Jolanta Saacewicz
Nowy Jork City, 19 lat temu stracił 3 tys. ludzi w ataku terrorystycznym 11 września. Dziś stan Nowy Jork czeka na falę, która może zabrać dziesiątki tysięcy.
Nigdy nie słyszałam dramatyczniejszego wystąpienia na konferencji prasowej. Andrew Cuomo, gubernator Nowego Jorku, mówi do nas codziennie. Dziś wystąpił w centrum kongresowym na Manhattanie, które jest przekształcane w szpital dla lżejszych przypadków.
Powiedział, że szczyt fali zakażeń nadchodzi szybciej niż oczekiwaliśmy i będzie wyższy niż przewidywaliśmy. Będzie w stanie Nowy Jork w ciągu 14-21 dni. Będzie potrzeba 140 tys łóżek szpitalnych. Do ratowania życia najcięższych przypadków potrzebne będzie 40 tysięcy maszyn do wentylacji płuc.
Nie udało się spłaszczyć krzywej przyrostu zakażeń, wręcz przeciwnie. Liczba nowych zakażeń podwaja się co trzy dni. Nowy Jork jest na skraju przepaści.
Nowy Jork ma teraz:
50 tys łóżek, a potrzebuje 140 tysięcy
7 tys zamówionych wentylatorów, a potrzebuje 30 tysięcy więcej
Andrew Cuomo wezwał prezydenta Trumpa do natychmiastowego uruchomienia wojskowej przymusowej produkcji wentylatorów. To, ze kilku producentów (Ford, GM, Tesla) podjęło się ich produkcji jest niewystarczające. Jest to droga aparatura, nie każdy producent chce zaryzykować przestawiania swojego biznesu na ich produkcję. Rząd musi wkroczyć, inaczej Nowy Jork będzie umierał w dramatycznych okolicznościach.
Już dziś Nowy Jork przystosowuje istniejące maszyny wentylujące do tego by mogły być wykorzystane przez DWÓCH pacjentów.

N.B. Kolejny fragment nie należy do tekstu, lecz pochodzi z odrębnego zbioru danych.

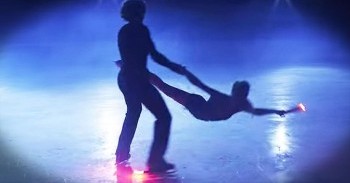 Ice Skaters Attach Flares To Skates For 1 Epic Performance
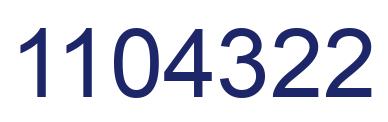 Número 1104322 imagen azul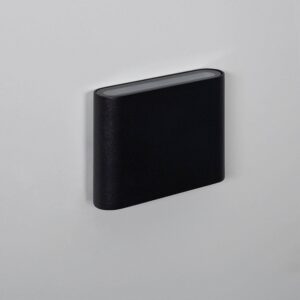 Applique Murale Extérieure LED Éclairage Double Face Aluminium Luming Blanc neutre 4000K Noir 6 W 90 mm x 30 mm x 115 mm ↔11 cm 84.3 lm/W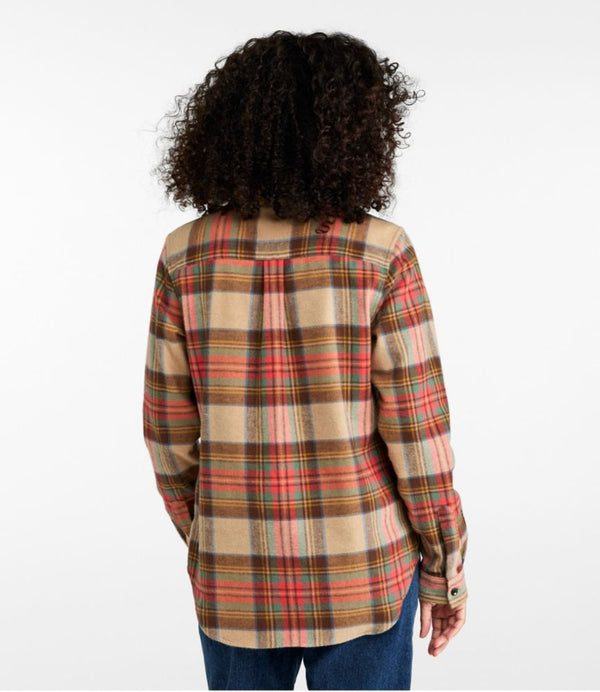 Women's Scotch Plaid Flannel Shirt, Quarter-Zip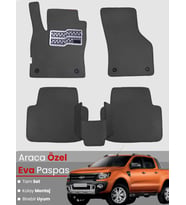 FORD RANGER (2012-2021) Uyumlu EVA Paspas Tam Set–Araca Özel,Su Geçirmez,Kolay Montaj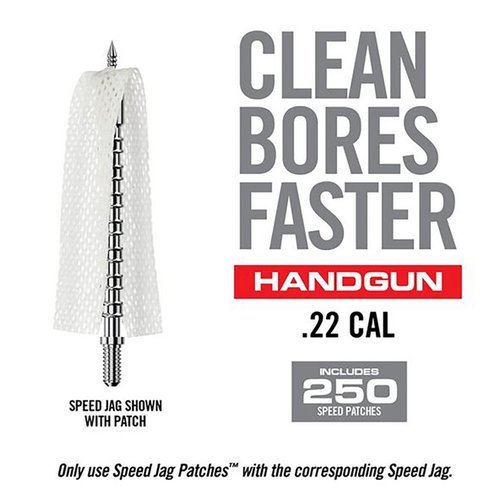 Bore-Max Speed Jag Patches gir effektiv rengjøring av løpet med overlegen absorbering, optimal kompresjon og en tekstur som fanger opp smuss uten å flosse.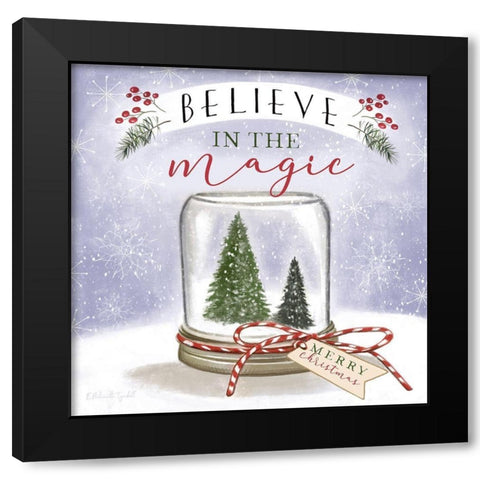 Believe in the Magic Black Modern Wood Framed Art Print by Tyndall, Elizabeth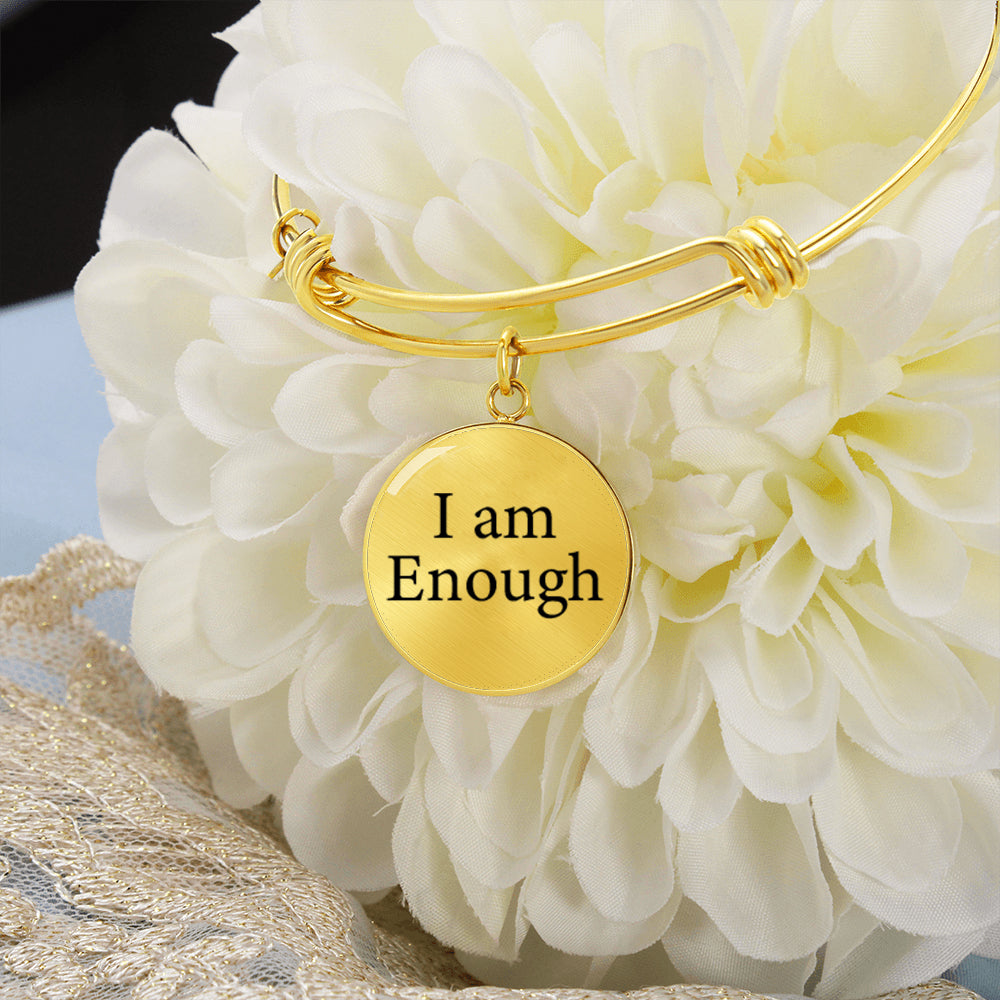 "I Am Enough" Personalized Cuff Bracelet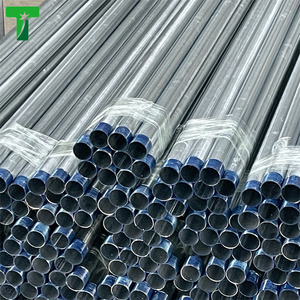 Conduit <span class=keywords><strong>en</strong></span> acier galvanisé Emt de tuyau de conduit <span class=keywords><strong>en</strong></span> métal de tube d'EMT galvanisé de 3/4 pouces - Product Image 1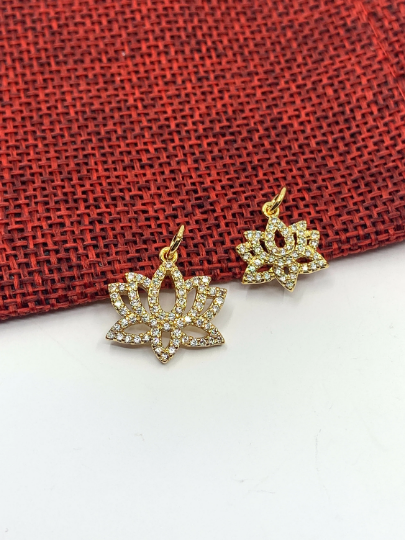 Lotus Flower Charm | Bellaire Wholesale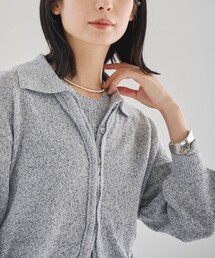 ブークレシャツカーディガン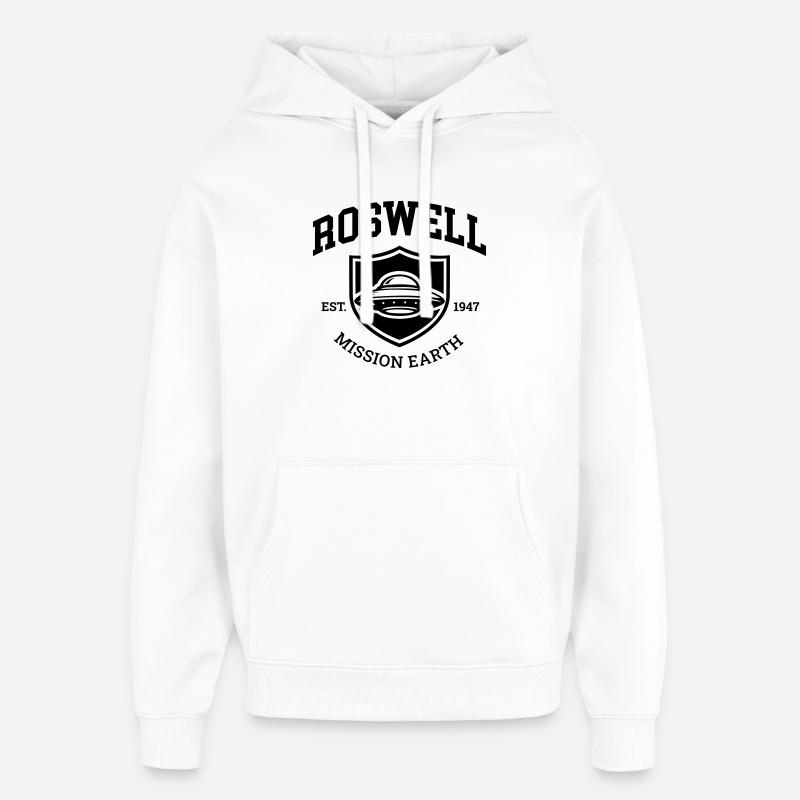 Roswell 1947 - Sweat à capuche unisexe Stanley/Stella Oversized - blanc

Nowy Jork testuje tez nowe leki:
- kombinacje hydroxichloroquine + zithromax
- injekcje plazmy z krwi tych, którzy przeszli chorobę
Gubernator Cuomo dostał dziś od administracji federalnej 400 wentylatorów (zwanych w Polsce respiratorami). Ta liczba wzburzyła go. Powiedział, ze rząd federalny ma zapas 20 tys wentylatorów i powinien je przekazać do Nowego Jorku TERAZ.
- Dziś Nowy Jork jest kanarkiem w kopalni (przypisek: to w angielskim oznacza zwiastun tragedii). Mamy 25 tys zakażeń, 10 razy więcej niż każdy inny stan. Osobiście przekażę te wentylatory, sprzęt ochronny, lekarzy i pielęgniarki do innych stanów, które będą ich potrzebowały, gdy pojawi się ich szczyt zakażeń. Nowy Jork jest pierwszy. To co się stanie tu, stanie się również w waszej społeczności ale później. Ratujmy nowojorczyków TERAZ - mówił Cuomo.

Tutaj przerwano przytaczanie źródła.